Спектакль, созданный в системе «условного театра», порой читается как по нотам. Его рисунок ясен, его пульсация отчетливо слышна. Нотная запись «Дней Турбиных» жила в неровном дыхании человеческой материи, в оттенках интонаций и переходов, в тревожном предчувствии и переломах настроения, которые действуют магнетически, но меньше всего поддаются словесной реконструкции. Историк может сообщить, что в первый год после премьеры на каждом спектакле дежурила бригада «Скорой помощи», нередко случались истерики и обмороки и приходилось (этот факт отмечен А. Гавриловым) выносить человека во время действия из зала. Гибель Алексея Турбина или принос раненого Николки переживались зрителем, приученным Художественным театром к восприятию театрального акта как акта реального, как обжигающие факты вчерашнего дня русского интеллигента.

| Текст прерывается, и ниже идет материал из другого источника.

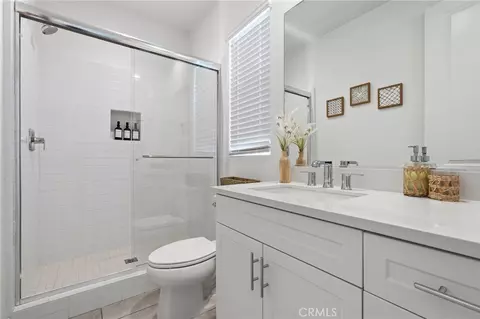 Bath - 84675 Lago Breeza Dr, Indio, CA 92203 photo 6 of 11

Конечно, зал не был однородным, как не были однородными и споры вокруг спектакля. В одной из первых антитурбинских статей передается эмоциональная атмосфера октября 1926 года: «Конкретные результаты: на просмотре в МХАТ какой-то гражданин, обливаясь слезами, орал „спасибо“, а на диспуте в Доме печати одна из гражданок патетически взвизгнула „все люди братья“ 1.

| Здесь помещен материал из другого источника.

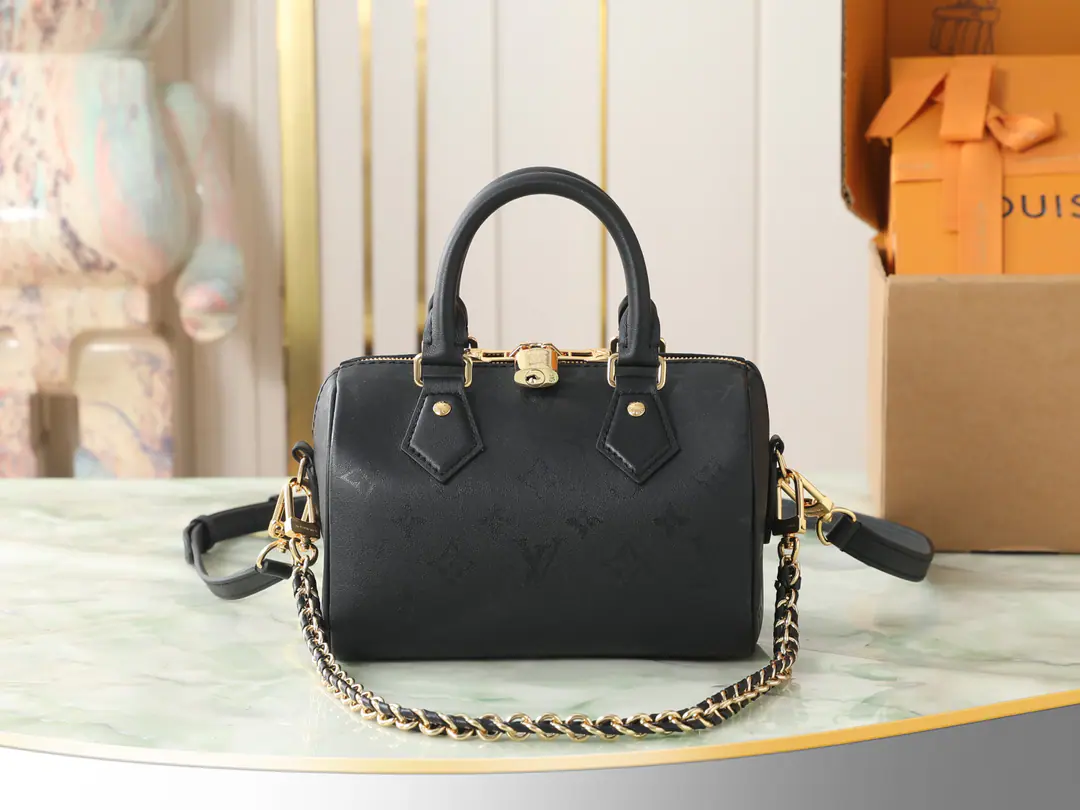【Top First List It's so exclusive.】M3A Black Flakes Chain bag.speedyA pillow bag. SPEEDY BANDOULIÈRE 20 Handbag. Paragraph Speedy Bandoulière 20 ♪ The bag is new ♪ Monogram Ink Marking, The brightness of the surface captures the shadows from every angle.. The leather material shapes the classics., LV The metal details of locking and knitting chains and so forth are highlighted in a elegant shape.. Wide space to accommodate daily requirements, There are many ways to carry back.. Dimensions: 20.5 x 13.5 x 12 centimetres (Length x High x Kuan)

При всем презрении пишущего и к этому гражданину, и к этой гражданке, он оставил драгоценное свидетельство, которое сегодня воспринимаешь как прямое отражение пафоса спектакля, того, что можно назвать его человечностью в самом обычном и простом смысле слова.

Эстетика „минус-приемов“ начиналась уже во внешнем решении спектакля. В эпоху господства конструктивистской декорации Н. Ульянов поставил на мхатовской сцене традиционнейший павильон. Перед зрителем открывалась большая столовая киевского профессорского дома с камином, мебелью красного дерева и бронзовой многосвечной люстрой. Кремовые занавески на окнах, примирительная голубовато-серебристая окраска обоев, строгие и точные линии немного скошенной комнаты — вся атмосфера дома воспроизводилась поначалу в чеховских тонах. Это был знак преемственности спектакля, его родовой принадлежности. „Грузный, тяжелый павильонный натурализм четвертьвековой давности“, — съязвит Э. Бескин.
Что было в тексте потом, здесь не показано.